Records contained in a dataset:
- - - - -
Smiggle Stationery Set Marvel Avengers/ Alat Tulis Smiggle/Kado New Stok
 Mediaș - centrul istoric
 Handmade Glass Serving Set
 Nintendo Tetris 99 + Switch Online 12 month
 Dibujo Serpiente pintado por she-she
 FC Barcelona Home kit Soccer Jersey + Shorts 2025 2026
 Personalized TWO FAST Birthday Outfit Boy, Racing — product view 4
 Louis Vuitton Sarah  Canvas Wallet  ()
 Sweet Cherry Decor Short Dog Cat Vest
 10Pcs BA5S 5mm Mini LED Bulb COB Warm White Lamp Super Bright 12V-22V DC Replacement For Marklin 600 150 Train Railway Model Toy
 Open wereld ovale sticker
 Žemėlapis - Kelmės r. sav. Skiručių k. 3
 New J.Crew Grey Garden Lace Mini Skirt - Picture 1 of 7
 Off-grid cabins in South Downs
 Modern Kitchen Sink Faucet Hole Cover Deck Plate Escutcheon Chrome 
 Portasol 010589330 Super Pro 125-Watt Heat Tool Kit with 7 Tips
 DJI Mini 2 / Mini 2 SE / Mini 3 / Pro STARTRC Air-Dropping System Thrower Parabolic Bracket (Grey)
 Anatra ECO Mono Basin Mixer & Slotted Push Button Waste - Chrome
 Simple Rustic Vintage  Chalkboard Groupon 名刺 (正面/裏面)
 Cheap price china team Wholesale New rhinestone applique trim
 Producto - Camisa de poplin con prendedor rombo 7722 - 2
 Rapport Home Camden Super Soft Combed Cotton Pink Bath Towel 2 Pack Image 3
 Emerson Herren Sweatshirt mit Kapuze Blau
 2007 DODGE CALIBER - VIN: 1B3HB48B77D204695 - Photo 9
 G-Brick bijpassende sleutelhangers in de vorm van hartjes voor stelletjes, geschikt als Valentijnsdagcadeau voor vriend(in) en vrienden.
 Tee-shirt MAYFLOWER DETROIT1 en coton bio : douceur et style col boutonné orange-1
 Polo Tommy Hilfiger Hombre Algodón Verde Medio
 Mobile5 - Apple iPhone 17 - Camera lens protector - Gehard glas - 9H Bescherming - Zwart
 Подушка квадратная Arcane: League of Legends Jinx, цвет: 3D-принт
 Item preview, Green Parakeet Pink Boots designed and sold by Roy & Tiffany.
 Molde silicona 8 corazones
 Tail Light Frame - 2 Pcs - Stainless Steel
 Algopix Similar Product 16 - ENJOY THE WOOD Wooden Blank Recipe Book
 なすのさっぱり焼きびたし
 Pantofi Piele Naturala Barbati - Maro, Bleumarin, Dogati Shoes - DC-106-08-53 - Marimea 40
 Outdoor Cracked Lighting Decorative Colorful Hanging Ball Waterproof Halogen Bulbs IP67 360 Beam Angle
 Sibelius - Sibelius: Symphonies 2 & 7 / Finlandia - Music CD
- - - - -
→ Required work:
The data above is to be restated line for line, word for word.

→ Task response:
Smiggle Stationery Set Marvel Avengers/ Alat Tulis Smiggle/Kado New Stok
 Mediaș - centrul istoric
 Handmade Glass Serving Set
 Nintendo Tetris 99 + Switch Online 12 month
 Dibujo Serpiente pintado por she-she
 FC Barcelona Home kit Soccer Jersey + Shorts 2025 2026
 Personalized TWO FAST Birthday Outfit Boy, Racing — product view 4
 Louis Vuitton Sarah  Canvas Wallet  ()
 Sweet Cherry Decor Short Dog Cat Vest
 10Pcs BA5S 5mm Mini LED Bulb COB Warm White Lamp Super Bright 12V-22V DC Replacement For Marklin 600 150 Train Railway Model Toy
 Open wereld ovale sticker
 Žemėlapis - Kelmės r. sav. Skiručių k. 3
 New J.Crew Grey Garden Lace Mini Skirt - Picture 1 of 7
 Off-grid cabins in South Downs
 Modern Kitchen Sink Faucet Hole Cover Deck Plate Escutcheon Chrome 
 Portasol 010589330 Super Pro 125-Watt Heat Tool Kit with 7 Tips
 DJI Mini 2 / Mini 2 SE / Mini 3 / Pro STARTRC Air-Dropping System Thrower Parabolic Bracket (Grey)
 Anatra ECO Mono Basin Mixer & Slotted Push Button Waste - Chrome
 Simple Rustic Vintage  Chalkboard Groupon 名刺 (正面/裏面)
 Cheap price china team Wholesale New rhinestone applique trim
 Producto - Camisa de poplin con prendedor rombo 7722 - 2
 Rapport Home Camden Super Soft Combed Cotton Pink Bath Towel 2 Pack Image 3
 Emerson Herren Sweatshirt mit Kapuze Blau
 2007 DODGE CALIBER - VIN: 1B3HB48B77D204695 - Photo 9
 G-Brick bijpassende sleutelhangers in de vorm van hartjes voor stelletjes, geschikt als Valentijnsdagcadeau voor vriend(in) en vrienden.
 Tee-shirt MAYFLOWER DETROIT1 en coton bio : douceur et style col boutonné orange-1
 Polo Tommy Hilfiger Hombre Algodón Verde Medio
 Mobile5 - Apple iPhone 17 - Camera lens protector - Gehard glas - 9H Bescherming - Zwart
 Подушка квадратная Arcane: League of Legends Jinx, цвет: 3D-принт
 Item preview, Green Parakeet Pink Boots designed and sold by Roy & Tiffany.
 Molde silicona 8 corazones
 Tail Light Frame - 2 Pcs - Stainless Steel
 Algopix Similar Product 16 - ENJOY THE WOOD Wooden Blank Recipe Book
 なすのさっぱり焼きびたし
 Pantofi Piele Naturala Barbati - Maro, Bleumarin, Dogati Shoes - DC-106-08-53 - Marimea 40
 Outdoor Cracked Lighting Decorative Colorful Hanging Ball Waterproof Halogen Bulbs IP67 360 Beam Angle
 Sibelius - Sibelius: Symphonies 2 & 7 / Finlandia - Music CD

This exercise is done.